Participants in the four-day conference agreed to strengthen cross-cultural efforts; more readily collaborate, share resources and information; and advocate across international borders for stronger laws and government commitments to crackdown on unscrupulous trafficking networks.
Just as importantly, participants told CNS, a broader sense of unity emerged as those on the front lines of anti-trafficking efforts realized they were not alone in aiding trafficking victims and confronting traffickers, often under threat of harm.
Sister Margaret Nacke, 84, a member of the Sisters of St. Joseph of Concordia, Kansas, has addressed trafficking concerns for more than a decade. She acknowledged the work is centered on protecting human dignity, especially of women and children.
“It’s sensitivity to the environment and how we treat people,” she said. “We’re treating people as products to be bought, shared, traded. We have to have a full look at what it means to be a human being. What does that mean for freedom? I can take your freedom for my freedom?”
Helping the world understand its role in protecting human dignity stands at the center of the work of the Rome-based Talitha Kim network, explained Comboni Sister Gabriella Bottani, coordinator.
“One of the most important things of Talitha Kum is it is a space that grows from the leadership of women religious. We have a flavor of the female sensitivity to respond,” she told CNS.
Overall, about 1,000 women religious in 22 networks across 76 countries work on trafficking, Bottani said.
Whether it is Venezuelans fleeing to Brazil or Central Americans trying to enter the United States, she said the migration of people around the world feeds the trafficking industry as people move from country to country to escape poverty, with the poorest often the unwilling prey of traffickers.

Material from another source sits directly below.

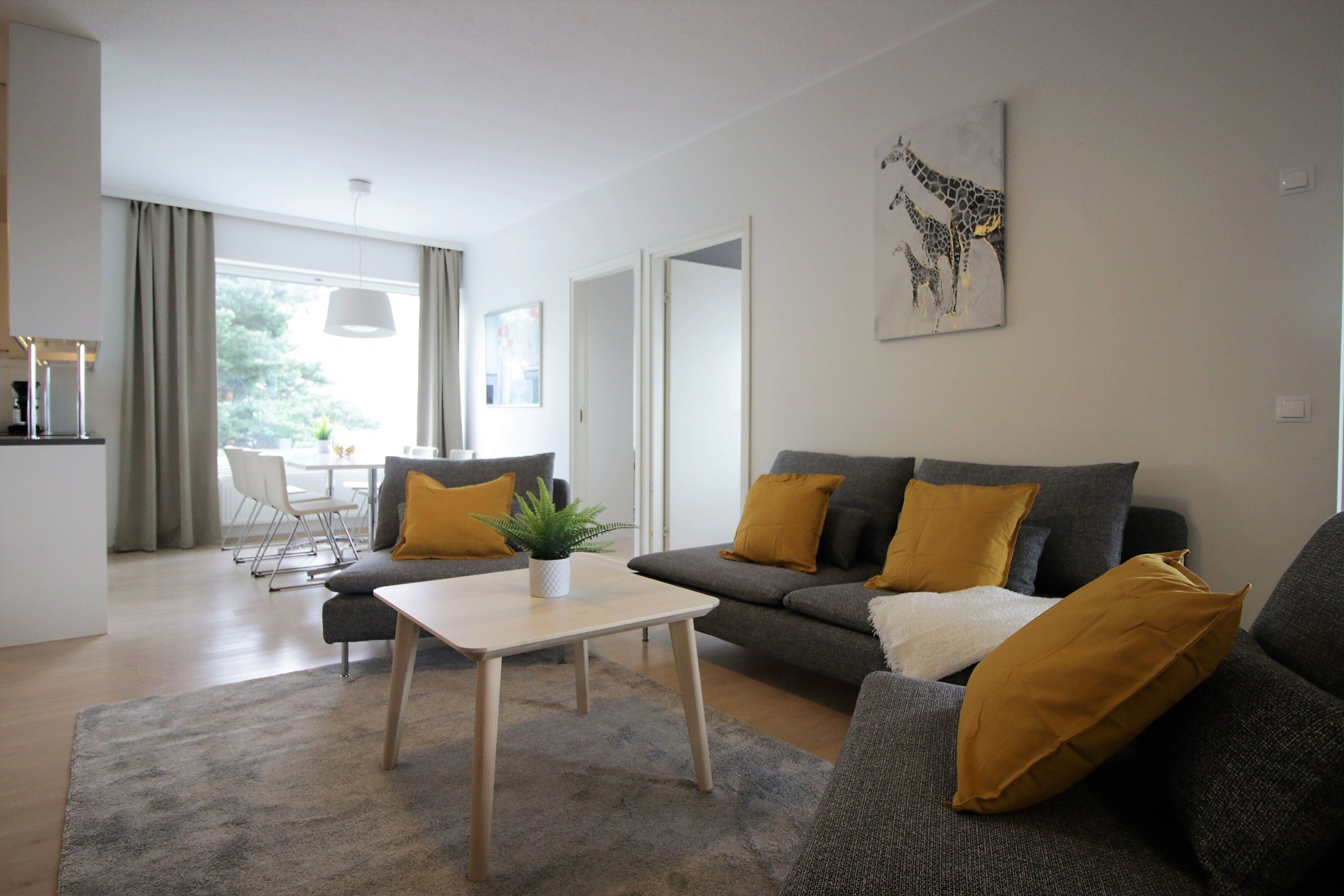 Una sala de estar moderna con un sofá gris, una mesa de centro blanca y un área de comedor al fondo.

Meeting women from the global south who live amid dire poverty to prevent young people from being trafficked inspired two members of the Sisters of the Holy Names of Jesus and Mary who are part of CATHII, the Internal and International Human Trafficking Action Committee in Montreal.
Sister Claudette Bastien and Sister Lise Gagnon agreed that it was helpful to “feel the passion” of the international response to trafficking.
“It’s good to know we are together,” Gagnon said.
That feeling of solidarity also reached Sister Angelina Segoviano, a member of the Oblate Sisters of the Most Holy Redeemer who works in trafficking ministry as part of the Red Rama network in Guatemala City. She helps young women and children understand the consequences of agreeing to relocate with the promise of work.
“We’re among the poorest people and in the communities of people suffering in human trafficking,” she said. “We help them understand that they are human beings, not something to be merchandized.”
But trafficking isn’t limited to people from poor communities south of the U.S. border. Benedictine Sister Teresa Ann Wolf, director of the Benedictine Multicultural Center in Watertown, South Dakota, knows trafficking occurs even in her part of the country.
She cited the annual Sturgis Motorcycle Rally in western South Dakota, which draws hundreds of thousands of people, as being a regular target of sex traffickers. She compared the event to a Super Bowl host city where sex trafficking spikes each February. Beyond that, the state’s fall pheasant hunting season also presents another window for trafficking, she said.
“There’s all these people coming in with money and are looking for a good time. Wherever you have an event that attracts men, it’s an opportunity for sex trafficking,” she said.
The Benedictine’s effort focuses on building a broad network in the community, including law enforcement to find assistance for women who find themselves being trafficked and educational programs at schools and community groups.
Near the end of the meeting, Bottani called on the women religious to become more organized than the traffickers.
“Human trafficking is increasing,” she said in a call to action. “Women and children face discrimination and the patriarchal order of society. … We’re called to recognize the presence of God in our brothers and sisters.”